Work item:
The output consists only of the lines from the one with "0 Pine Ridge" through the end of the records, each printed exactly, and contains no pictures.

Input:

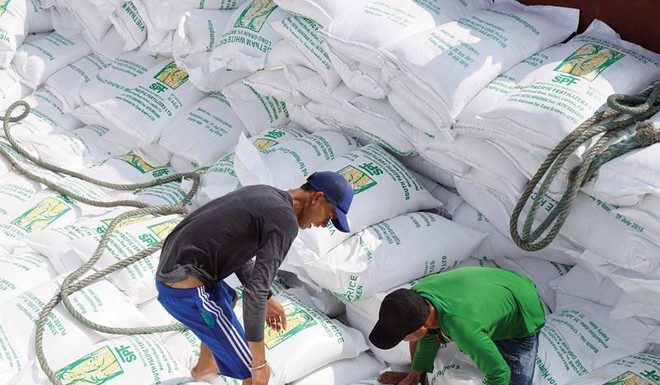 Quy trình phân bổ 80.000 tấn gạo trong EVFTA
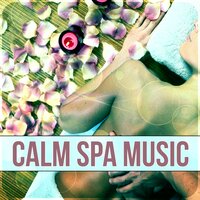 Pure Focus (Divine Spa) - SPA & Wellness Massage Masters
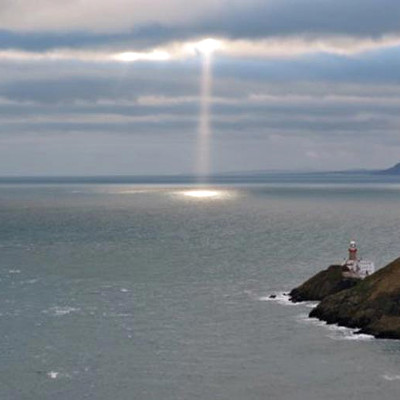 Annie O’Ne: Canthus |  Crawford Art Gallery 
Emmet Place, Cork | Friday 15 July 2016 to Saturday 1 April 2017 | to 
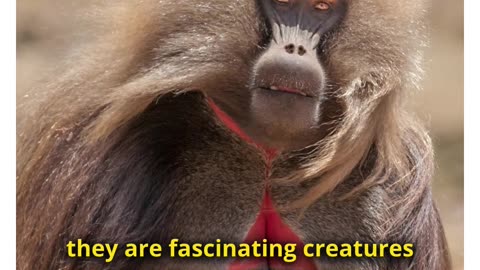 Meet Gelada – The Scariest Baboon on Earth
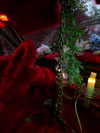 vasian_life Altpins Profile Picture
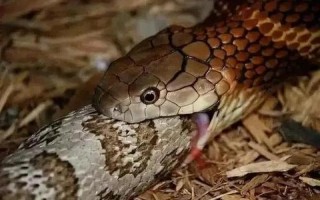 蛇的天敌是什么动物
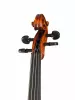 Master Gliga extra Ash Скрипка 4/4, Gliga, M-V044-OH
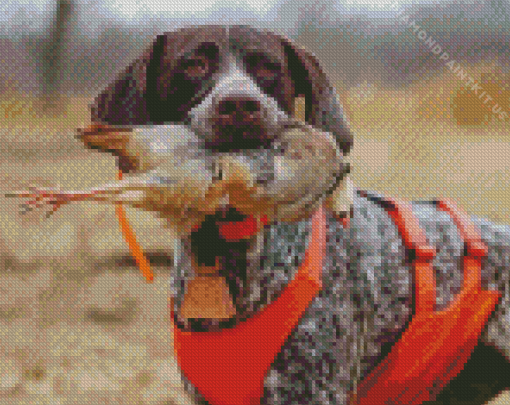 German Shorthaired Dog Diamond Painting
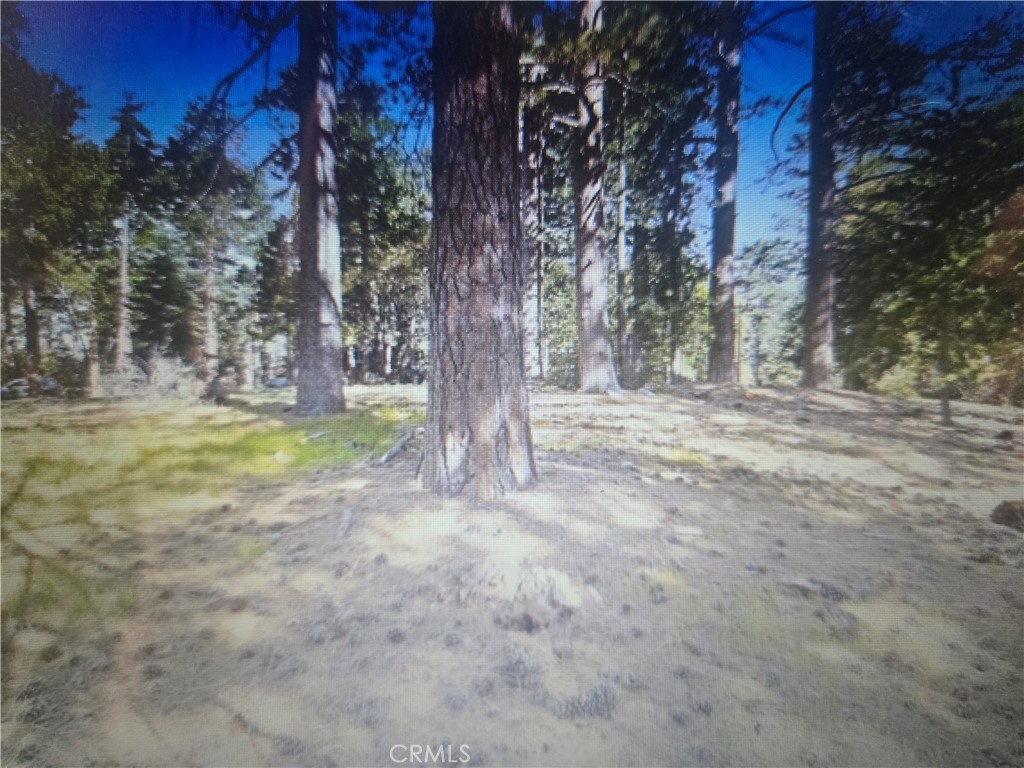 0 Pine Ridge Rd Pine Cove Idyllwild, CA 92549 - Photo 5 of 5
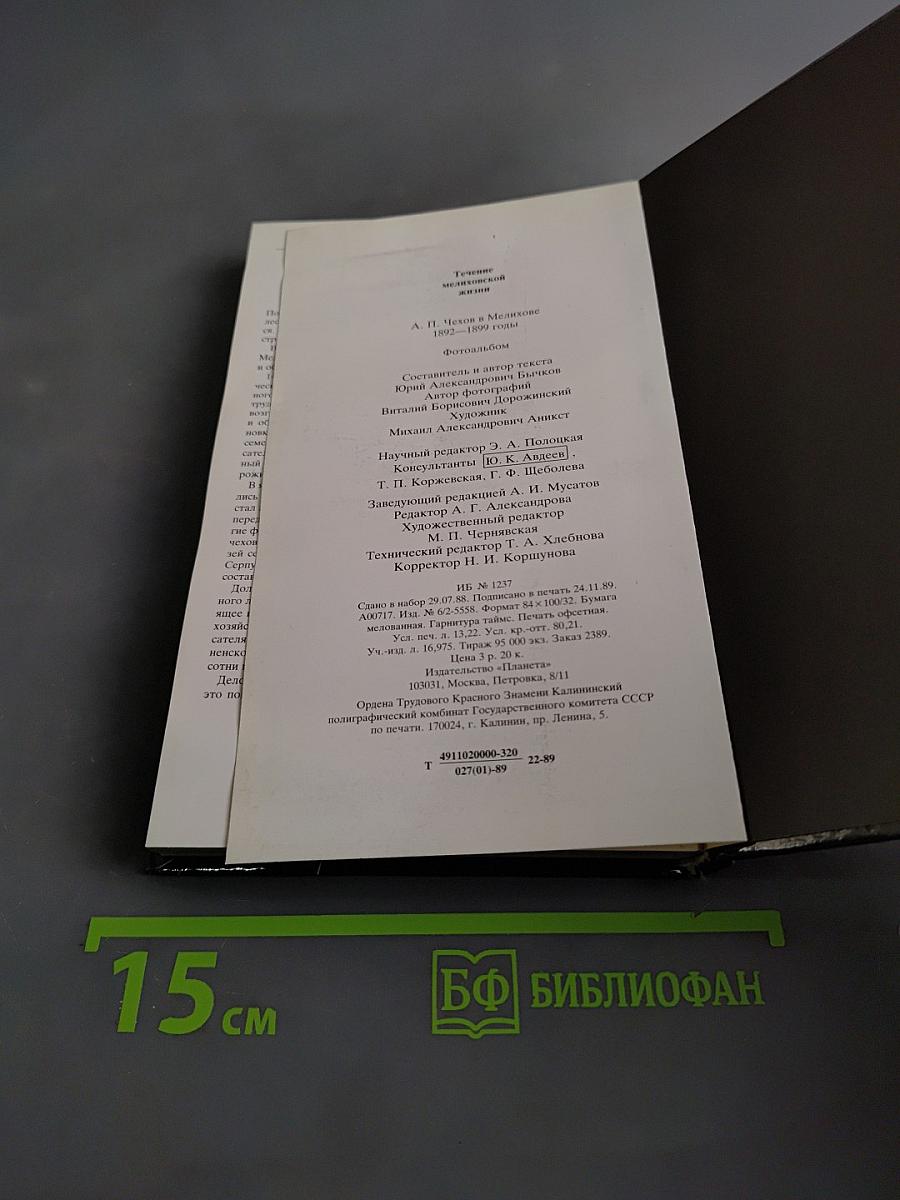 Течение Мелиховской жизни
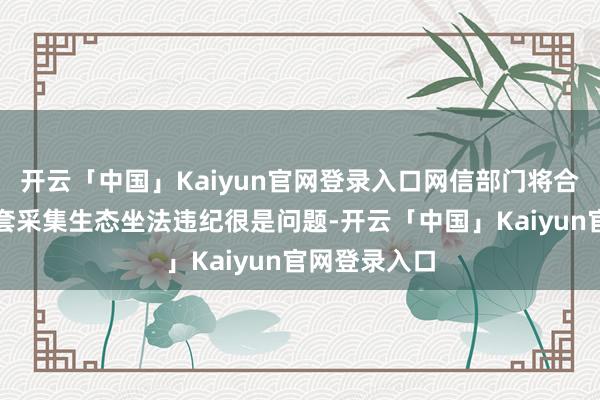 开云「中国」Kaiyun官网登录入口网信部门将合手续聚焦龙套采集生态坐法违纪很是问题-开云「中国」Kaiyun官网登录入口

Response for this exercise:
 0 Pine Ridge Rd Pine Cove Idyllwild, CA 92549 - Photo 5 of 5
 Течение Мелиховской жизни
 开云「中国」Kaiyun官网登录入口网信部门将合手续聚焦龙套采集生态坐法违纪很是问题-开云「中国」Kaiyun官网登录入口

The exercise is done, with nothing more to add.